Representatives of the Albanian, Bosnian and Montenegrin diaspora in the United States have sent a letter to the US Congress and President Biden’s administration expressing concern over Serbia’s actions and calling for greater US engagement in maintaining peace and security in the Balkans.
Organizations and activists from these communities say they are alarmed about what they call an increase in the “militancy of the Serbian government” towards Kosovo, but also towards Bosnia and Herzegovina and Montenegro.
“As representatives of organizations and individuals, we observed a common danger we have from a state that is uprooting the peace and stability achieved in the Balkans,” activist Drilon Gashi, one of the signatories of the letter, told the Albanian service of the Voice of America, VOA.
The letter recalls that, only recently in Kosovo, “Serbian tanks, fighter jets and armored vehicles were deployed near the border with Kosovo”, after the Kosovo government imposed a new regime on vehicle license plates.
“When it comes to Kosovo, we see the need for greater American involvement to maintain the peace and security achieved in the region. This means involvement in the ongoing dialogue process between Kosovo and Serbia,” Gashi said.
“”However, in terms of the wider region, it demands a greater ambition for faster membership, especially of Kosovo and Bosnia, of NATO,” he added.

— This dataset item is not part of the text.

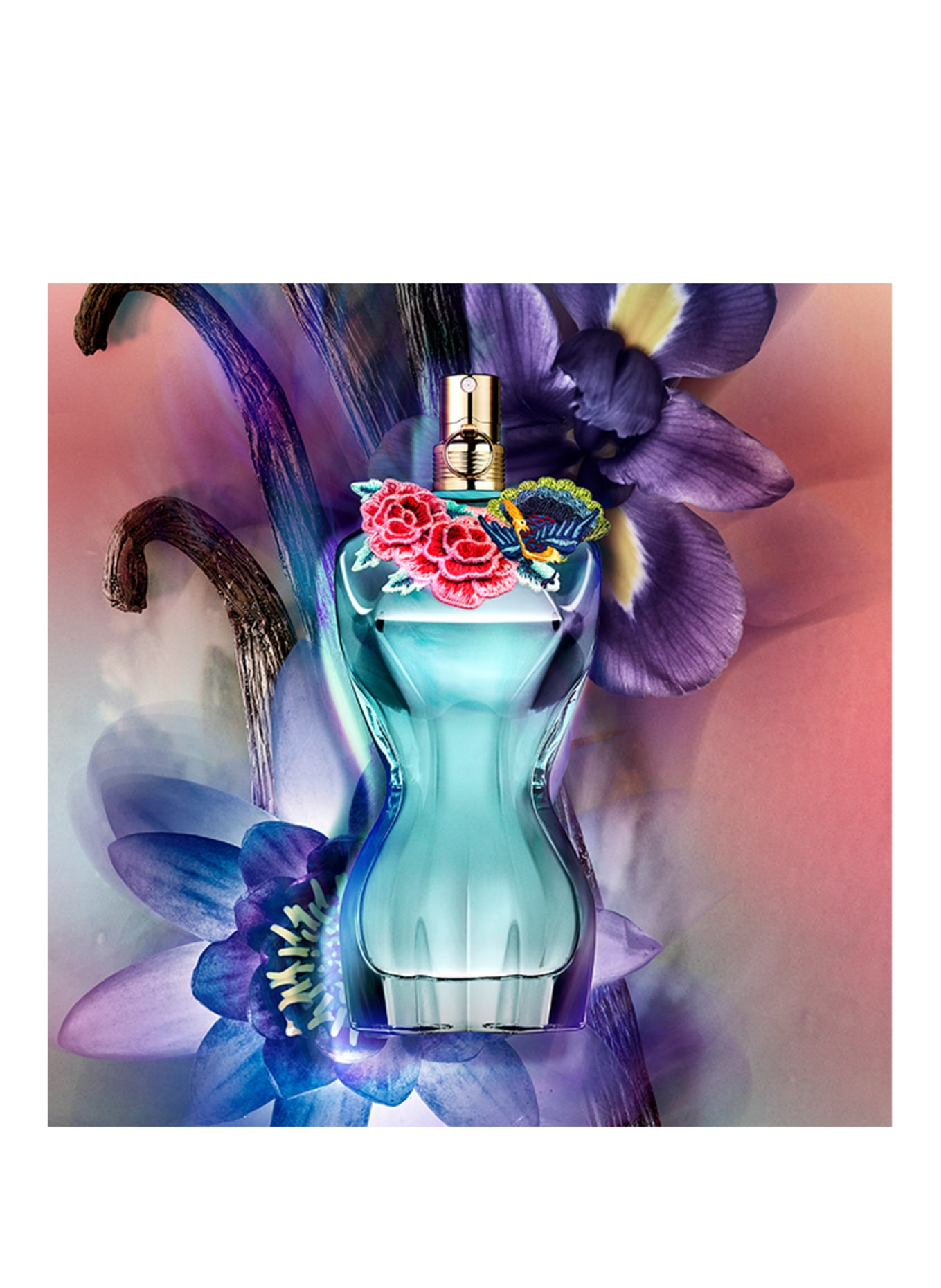 Jean Paul Gaultier LA BELLE PARADISE GARDEN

Serbia’s ambassador to Washington, Marko Djuric, told VOA’s Serbian service that the letter does not necessarily represent the position of the majority.
“I am convinced that by the end of the year we will have more letters to Congress with a much higher number of signatories, focusing on positive topics, on our bilateral relations and on cooperation in the region in general,” he said.

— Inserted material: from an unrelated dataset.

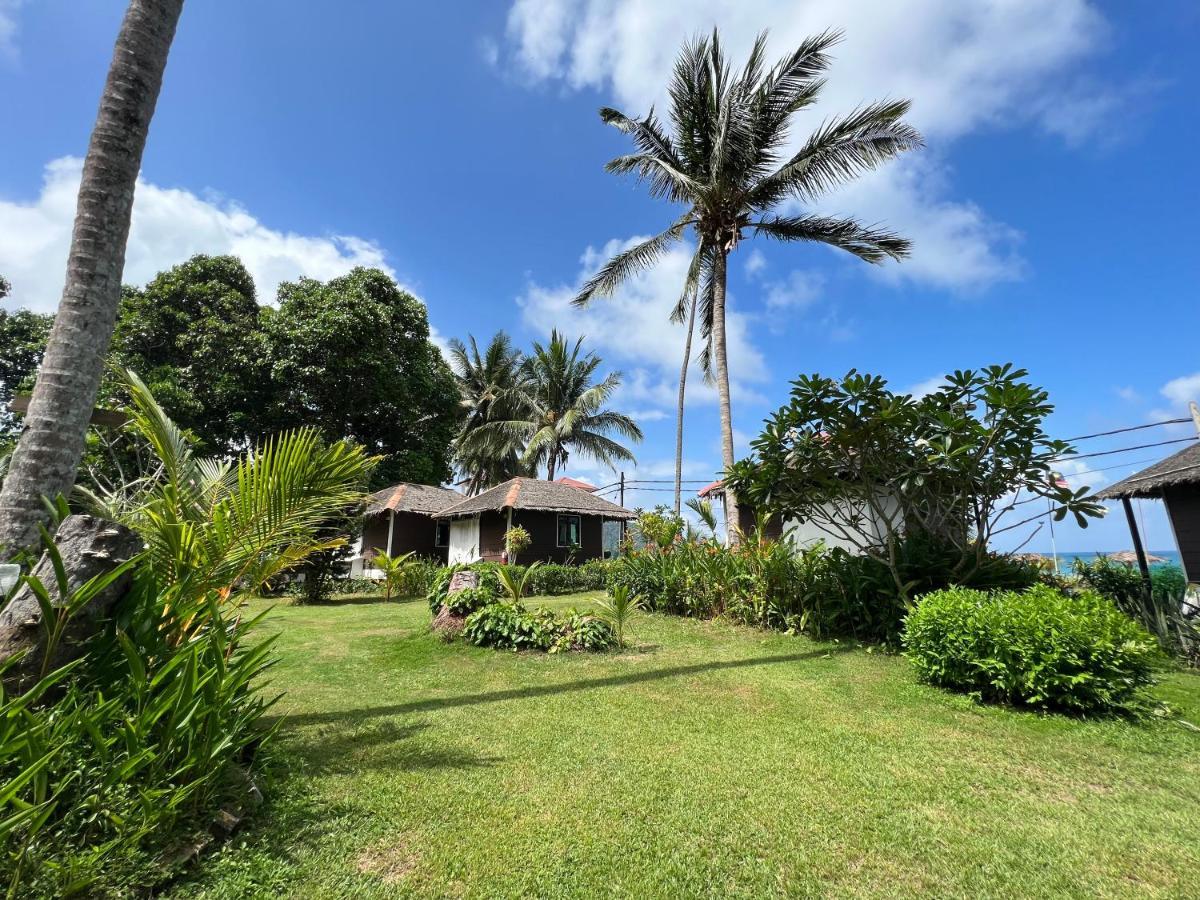 1511 Coconut Grove Villa Kampong Juara Exterior foto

The letter quotes, as another example, the escalation of tensions in Montenegro over the enthronement of a head of the Serbian Orthodox Church in Montenegro – and the efforts of Bosnian Serb presidency member Milorad Dodik, an ally of Serbian President Aleksandar Vucic, to boycott Bosnian state institutions, following the imposition in Bosnia of a law against the denial of genocide by the High Representative of the International Community.
Ambassador Djuriç rejected the idea that the Belgrade government promoted an ideology of “a Serbian world”, according to which “Serbia wants to present itself as a potential hegemon in the region”.
The European Union and the United States have repeatedly stressed the need for dialogue between Kosovo and Serbia. Mediated talks between the two countries over the license plates resulted in a temporary agreement.
Gashi insisted that the letter is not against dialogue. “Obviously this is one place where the arguments expressed in the letter can be taken further,” he said.
Organizations signing the letter include the Pan-Albanian-American Congress, Vatra and the Lukaj Foundation.